North of the wall: weaving Macmillan and counting in Jackson’s Edinburgh Mass

It was going to be a challenging rehearsal, I thought: two pieces by Scottish composer James Macmillan, the canonic Gallant Weaver and heart-rending A Child’s Prayer, and the ‘Gloria’ from Gabriel Jackson’s Edinburgh Mass. These are difficult pieces – hard enough to realise at the piano when there’s no closed-score piano reduction to aid rehearsing! – with complicated rhythmic interplay, angular lines that aren’t necessarily leading where you might expect them to go, and modern harmonies rich in added-note chords and eight-part vertical sonorities. I expected it to be something of a difficult rehearsal.

It just shows how wrong one can be.

Having kicked off in lively fashion with Perspice Christicola, better known as Sumer is icumen in but with a sacred Latin text, to get everyone warmed up, we sojourned north of Hadrian’s Wall with Macmillan’s A Child’s Prayer. This has been a favourite piece of mine for a while – it’s one of those pieces that, at first hearing, reaches straight into your soul. We built the three main chords from the basses upwards to get them balanced and in tune, and practiced moving from one chord to the next to make sure the singers knew where they were going. And then – we sang them as written. It’s one thing to know and love a piece that you’ve listened to many times, but to be in the midst of the sound the first time it comes off the page and into the air is a thrilling moment. We then added the two (patient!) solo sopranos, and set off through the whole piece. In the rich and resonant acoustic of the Cathedral Crypt, it will be overwhelming…

Macmillan’s Gallant Weaver is a richly polyphonic treatment of a Scottish folk-song, with a three-part canon in the sopranos – no closed-score, what a challenge to play! – literally weaving the melody amongst the divided upper voices; the lower three voices provide gently lulling sustained chords beneath, before the whole choir burst out into individual part-writing for a sumptuous second verse. It’s certainly difficult, the sopranos having to have the confidence to sustain their own lines against not only the same melody in canon but the colourful harmonies beneath.
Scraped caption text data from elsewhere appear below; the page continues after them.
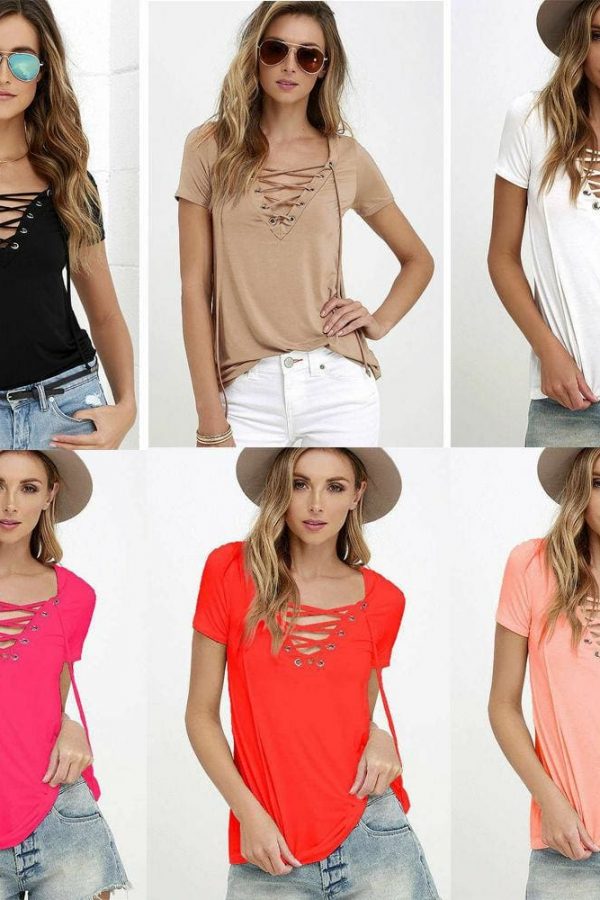 The Best 2019 Fashion Women Pullover T-Shirt Casual Summer Ladies Short Sleeve Solid Tops Shirt Outwear Women Clothes Online - Takalr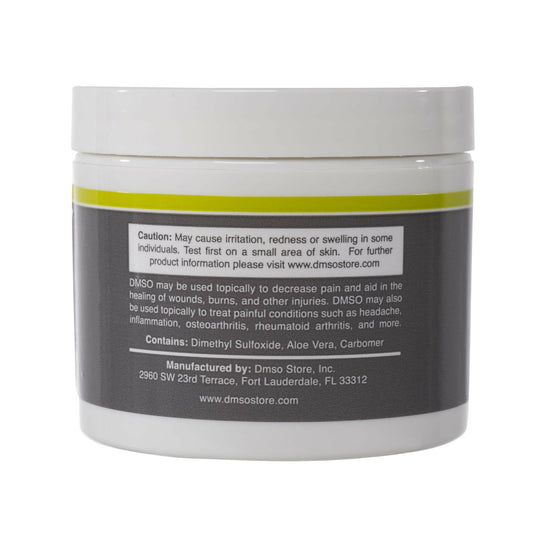 DMSO-gel-99.995-pure-dimethyl-sulfoxide-back-pain-relief-back. Back view of a DMSO medi gel jar. Back label reads: caution: May cause irritation, redness or swelling in some individuals. Test first on a small area of skin. For further product information please visit www.dmsostore.com. DMSO may be used topically to decrease pain and aid in the healing of wounds, burns and other injuries.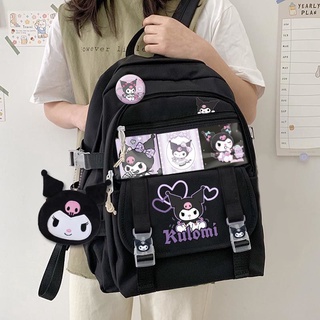 Kuromi Co-Branded กระเป๋าเป้สะพายหลัง กระเป๋านักเรียน ความจุขนาดใหญ่ สําหรับเด็กผู้หญิง ccbzxqq: main5.23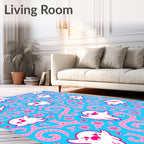 Cute White Ghost Pink Floral Swirl Rug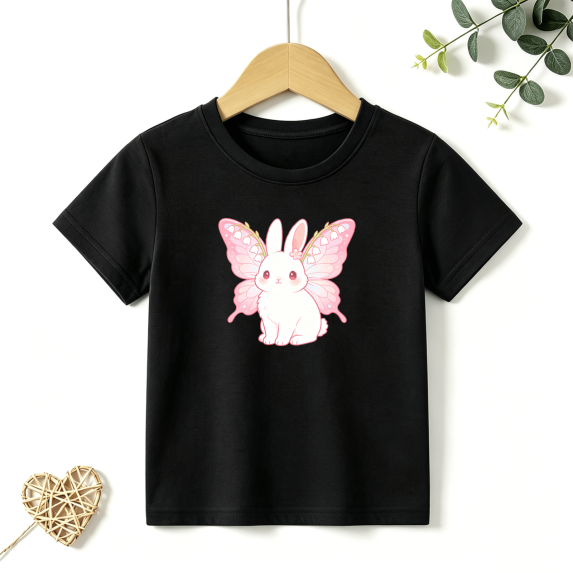 Girls Graphic Tees Butterfly Wing Bunny Kids T Shirt Cute Fairy 100% Cotton Short Sleeve Soft Tops 4-13Y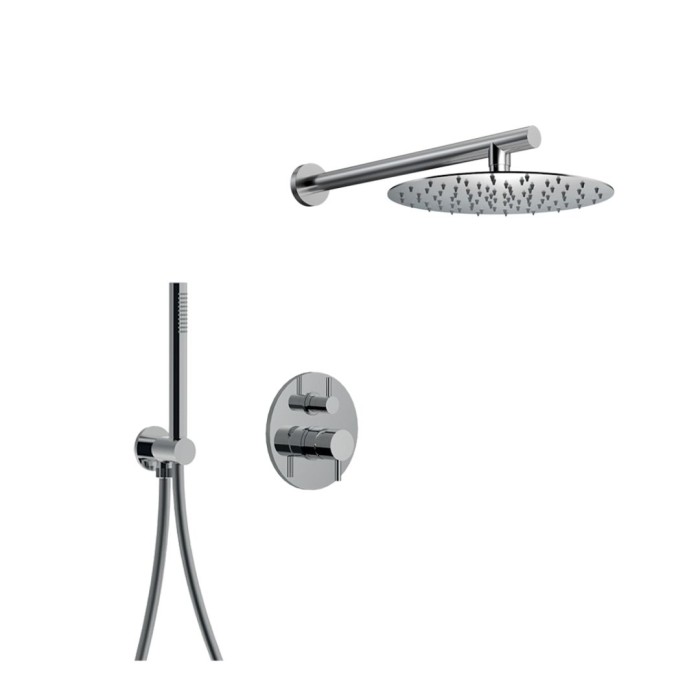 Внешняя часть встраиваемого смесителя для душа однорычажный с дивертером, верхний душ нержавеющая сталь, ручной душ, Giulini My future, хром арт. 5967-EP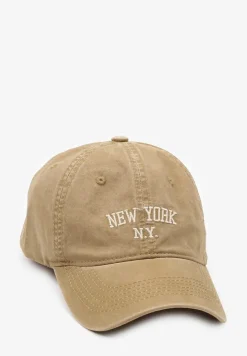 Brązowa Czapka z Daszkiem w Bawełny Zdobiona Napisem w Stylu Haftu Reioni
And it worked very well.

The Jackson Gloria represents the greatest rhythmic difficulty in the entire programme; leaping between 5/8, 3/8 and 2/4 or ¾ bars is taxing; added to which are the tumbling lines in the sopranos and altos like bells pealing, and the fact that the tenors and basses move at different times to both soprano and alto lines. We’re two-thirds of the way through the movement; there’s still work to do, but the effort will be worth it if we can capture the luminous colour and brightly-lit harmonies of the piece as it comes off the page.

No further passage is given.